20 de julio de 2026
Festividad del profeta Elías, santa Margarita de Antioquía y sant Aureli de Cartago
Hoy, 20 de julio, celebramos la festividad del profeta Elías, del Antiguo Testamento; de santa Margarita de Antioquía, virgen y mártir; y de sant Aureli de Cartago, obispo.


Sant Elías, profeta del Antiguo Testamento

Gran profeta que aparece en medio de la historia del pueblo de Israel para reivindicar el nombre de Dios ante la idolatría y la injusticia. El nombre de Elías significa “el Señor es mi Dios”. Llevó una vida solitaria al este del Jordán hacia el siglo IX a.C., y se inflamó de celo por la fidelidad a la Alianza en el monte Carmelo. El libro del Sirácida dice de él: “Entonces se levantó el profeta Elías: era como el fuego, y su palabra quemaba como una antorcha” (Sir 48,1). Un ejemplo sorprendente de su fuerza profética lo encontramos cuando se enfrenta con los seguidores de Baal en el monte Carmelo (cf. 1 Re 18), y en el encuentro con el Señor en el Horeb en el rumor de una brisa suave (cf. 1 Re 19).

Cumplida su misión, es llevado al cielo por un carro de fuego (2 Re 2,11-12). Tuvo continuidad primeramente en su discípulo Eliseo (2 Re 2) y, más tarde, en la persona de Juan Bautista (Mt 17,10-13). Como representante de todos los profetas del Antiguo Testamento, apareció al lado de Jesús en el momento de la Transfiguración (Mt 17,3).
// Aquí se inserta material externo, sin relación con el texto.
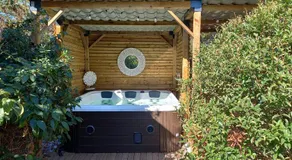 Arche de Lanoë jacuzzi - Image 3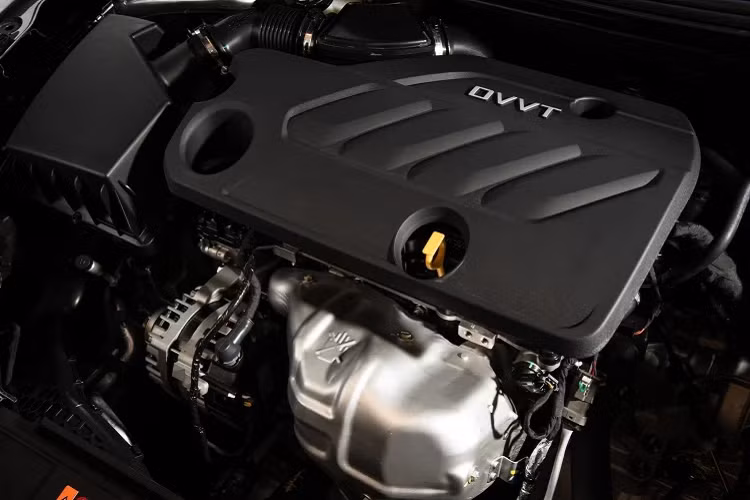 Cabin mẫu sedan hạng C mang thiết kế khá chỉnh chu, sang trọng và thể thao. MG5 2022 mang “đồ chơi” như ghế bọc da hai tông màu, ghế lái chỉnh điện 6 hướng.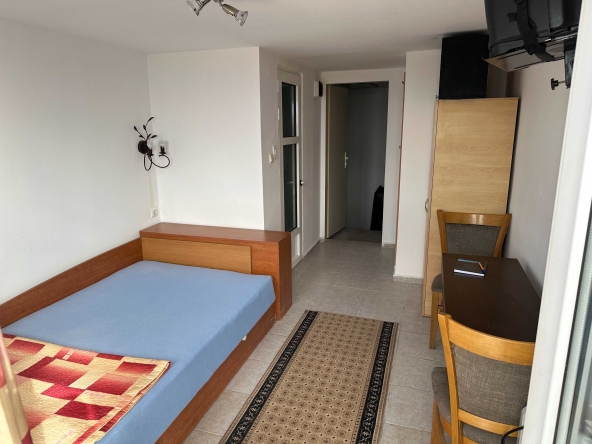 Дава се под наем Едностаен апартамент в Бургас, Меден рудник - зона А - 20 кв.м за 90 € - Снимка #1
Santa Margarita o Marina de Antioquía, mártir

Según la hagiografía clásica, en el siglo III, era hija de un sacerdote pagano y conoció la fe por medio de su dida, y se bautizó a la edad de 12 años. Es una mártir de Antioquía de Siria que fue martirizada y decapitada durante las persecuciones de finales del siglo III. Fue muy popular durante toda la edad media.
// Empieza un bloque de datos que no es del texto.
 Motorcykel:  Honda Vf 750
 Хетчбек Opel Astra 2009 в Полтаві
La Llegenda àuria explica que en la cárcel fue visitada por el diablo en forma de dragón, que se la tragó; pero ella, armada con una cruz, logró salir de allí. Por eso se la suele representar con un dragón a los pies y es invocada por las mujeres embarazadas para tener un buen parto.


Sant Aureli de Cartago, obispo

Hacia el año 391 o 392, poco después de que Agustín recibiera el presbiterado en Hipona, fue ordenado obispo de Cartago, un cargo que conllevaba ser primado o patriarca de África, lo que lo convirtió en uno de los prelados más importantes de la Iglesia de aquel momento. A pesar de que la Iglesia africana estaba fuertemente dividida por herejías donatistas y pelagianas, así como por la permanencia de costumbres paganas, trabajó con determinación y con espíritu conciliador por la pureza de la fe cristiana. Convocó diversos sínodos y concilios de obispos africanos. Murió en el año 430.